“Cerco le affinità tra noi e il male” a Gavoi la malaeducazione di Albinati

E’ crivellato di dubbi il pensiero di Edoardo Albinati. Un fiume di pensieri, di disgressioni, di immagini che si affollano, immagini potenti che vorrebbero svelarsi immediate tutte insieme, e poi frenano, tornano indietro, fanno dei giri lunghissimi, e all’improvviso ti esplodono in faccia, lasciandoti solo e disorientato.

Favorito il prossimo 8 luglio al Premio Strega con La scuola cattolica (Rizzoli) tomo da 1300 pagine che parte dall’educazione maschile passando per il massacro del Circeo, Albinati studia un grappolo sovrapposto di narrazioni per raccontare “le affinità tra noi e il male. E la mala-educazione sessuale. Una necessità che mi arriva nel 2005, quando uno dei tre assassini del Circeo, uccide di nuovo. Erano miei compagni di scuola al San Leone Magno quegli assassini.
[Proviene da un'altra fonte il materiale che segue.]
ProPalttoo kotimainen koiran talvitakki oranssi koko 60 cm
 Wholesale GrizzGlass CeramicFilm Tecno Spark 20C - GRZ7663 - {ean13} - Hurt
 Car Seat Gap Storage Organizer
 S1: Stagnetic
Una vicenda cui dedico solo poche pagine, perché il punto per me è cercare di capire che cosa ci sia alla base di una così bassa considerazione della donna e del mondo femminile, e per farlo parto dalla storia di una scuola maschile, una scuola modello per la società borghese, con i campi sportivi e la piscina, ma dove l’unica immagine di donna era quella di Maria Vergine”. Una storia dunque tutta al maschile quella di Albinati che per scrivere il romanzo ha impiegato nove anni, storia che poi si è ripetuta anche nel mondo in cui tuttora lavora, la sezione maschile del carcere di Rebibbia dove insegna letteratura “e dove già venti anni fa mi battei con forza per riuscire a far entrare a scuola i transessuali e immettere finalmente un elemento di distinzione, di attenzione, di cura, all’interno della classe. Gli ambienti omosociali mi infastidiscono, li trovo volgari, mi annoiano”.

Parole e pensieri che si sovrappongono per una conversazione che viaggia a un ritmo a tratti dissonante, mentre Albinati cerca di trovare le parole giuste per raccontare e raccontarsi. I temi sono tanti, troppi, spesso laceranti: il sesso, lo stupro, il corpo femminile come teatro dell’annientamento. Alla base si avverte una violenza potentissima, con cui lo stesso autore sembra dover fare ancora i conti, e una  frustrazione sotterranea che sottende a tutte queste azioni messe insieme.

Verso la fine, nello spazio di piazza S’Antiocru, c’è spazio finalmente anche per la parola amore e per la tenerezza, perché “il libro è anche una lunga difesa della reificazione del corpo altrui, quando il momento più alto tra due amanti è sentirsi diventare una cosa tra le mani dell’altro”. Ci vorrà del tempo per leggere tutte queste pagine così importanti. Un tempo necessario per venire a patti con la nostra idea di corpo e la nostra identità.